おもしろかった。土井選手の成長の物語でもあり、最後はほとんど泣きそうになった。だいぶ前に話題になった某ロードレースラノベなんかよりずっとおもしろく感動的だった。なんといっても作り物じゃないし、話に無理がないし、へんに感動させてやろうという作為がない。
ドーピングについてもかなりきわどい話が出てくる。むろん土井選手個人は禁止薬物に手は出さない。しかし、ここに書かれているドーピングについての書き方は、きっと不満を持つ読者もいるだろう。土井選手のドーピングに対する態度が、「仕方がない」と言っているように読めるところもあるからだ。明け方のホテルの隣のベッドで注射器を片手にしたルームメイトに対する態度も、もっと批判的に書いても良いような気がしないでもない。
でも、逆に、きっと、そういうものなのだろうというリアリティも感じられる。
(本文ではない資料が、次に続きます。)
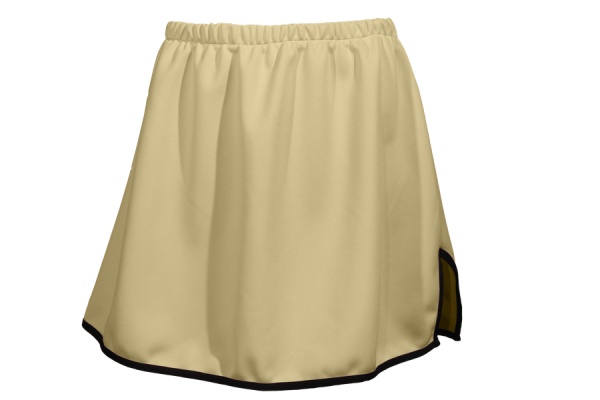 WOMEN'S CHEER SKIRT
まだ現役の選手として、偉そうにドーピングをするような選手を批判はしたくないのだろう。
ちょっと以外だったのだけど、陽性になった後もなかなか認めず、すっかり悪役のシューマッハーも良い奴だったりする。
「悪いヤツがズルするためにドーピングに手を出す。それが日本での「ドーピング」のイメージだと思う。でも、現実はそんなに単純じゃない。」(p.60)
これは拙ブログで繰り返し述べてきたように、この世の中には99.9%の普通の人と0.1%の悪人がいるわけではないというのに通じると思う。さらに、禁止薬物リストに載っていない合法薬はどのチームもレース中にも使っているという話。まあ、これはある程度聞いたことのある話ではあったけど、自分の体験も赤裸々に語っているのは潔い。
以前僕が書いたドーピングをめぐる話が、まだまだ甘いことも感じさせられた。
個人的には拙ブログおなじみの選手たちの名前が次々上がり、キッテルがとっても良い奴だったり、デーゲンコルプが豪快ながら、なかなかの心配りをする奴だったり、その前に出てきたパウル・マルテンスも含めてドイツ人選手たちがみんな良い奴らなのが楽しい。
最後のブエルタは拙ブログでも熱心に追いかけ、フレーリンガーやデーゲンコルプのブログを紹介したりしたので、とても印象に残っている。それだけにこのラストはほとんど泣きそうになった。
ロードレースファンなら絶対にお勧め。